I'm beginning to use prepared statements with my sql queries in php and in starting with this I have come up with a question.

I have a function that grabs a user's id from a table at login. I want the user to be able to use either their username or email address for their login.

So my sql statement is:

SELECT * FROM `login` WHERE `username`=? OR `emailAddress`=?

Now essentially when in this query username and emailAddress will be the same because it can be either or.

So when binding my statements do I bind my variable twice:

bind_param('ss', $user, $user);

So the value for username and emailAddress needs to be the same. Essentially I want $user to be the value of both the placeholders.

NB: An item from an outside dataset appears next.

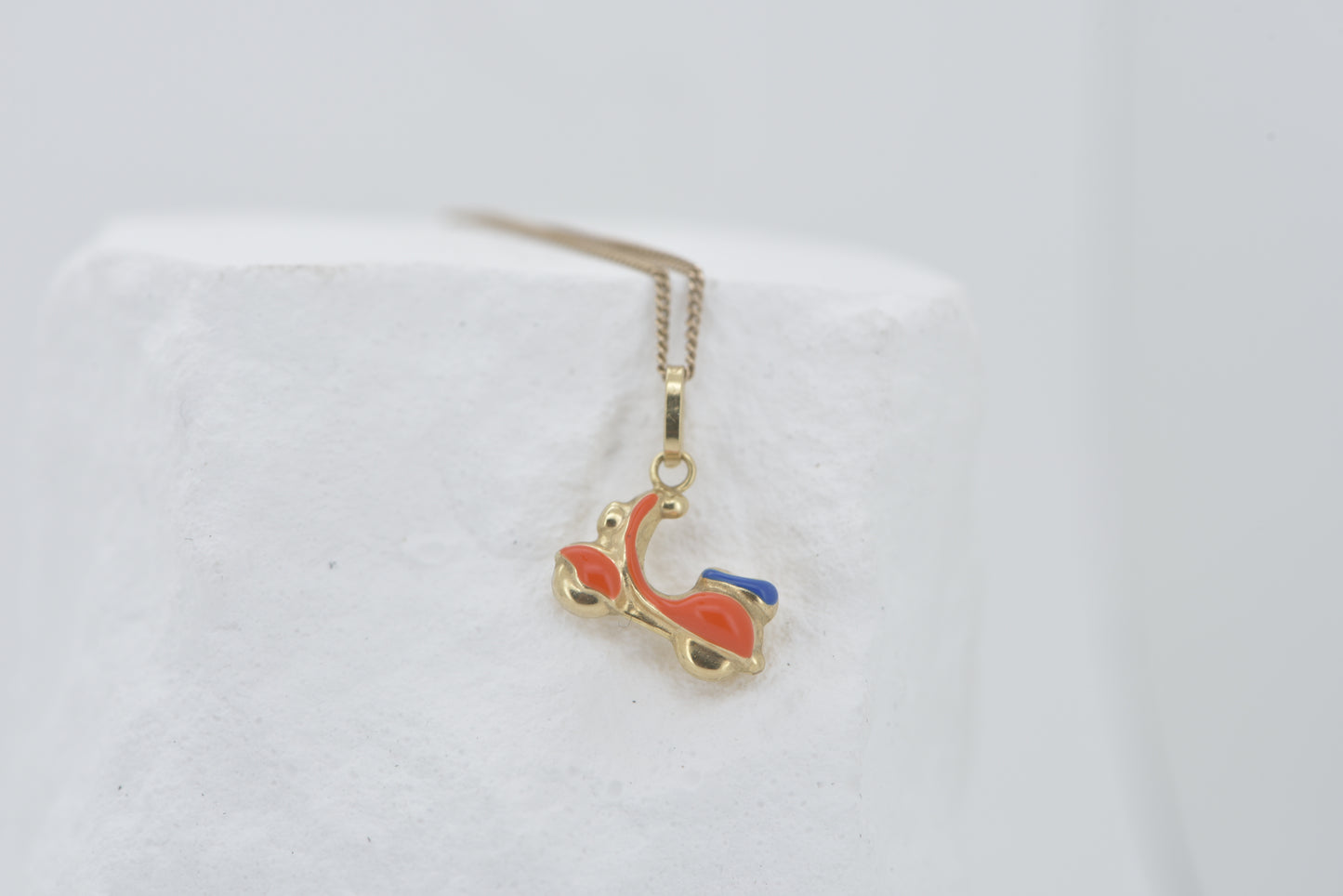 Vespa charm in 9ct yellow gold with orange and blue enamel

My questions are: Am I doing this correctly? Is there a more efficient way?

Yes, you would have to bind it twice. If you are opposed to that for some reason, you could rephrase the query as:

SELECT *
FROM `login` l cross join
      (select ? as thename) const
WHERE l.`username` = thename OR `emailAddress` = thename;

This is using a subquery to name the parameter so it can be referred to multiple times in the query.

Yes. There have to be as many variables in the bind_param() call as there are placeholders in the query. Consider if you had:

SELECT * FROM login
WHERE username = ? and emailAddress = ? and country = ?

and you tried to bind too few of them:

bind_param("ss", $user, $country);

How is it supposed to know which variable should be repeated for the extra placeholder?

There's no problem with using the same variable twice. I wouldn't recommend it with bind_result, though -- it will presumably allow it, but I don't know if it's predictable which column will be put into the variable.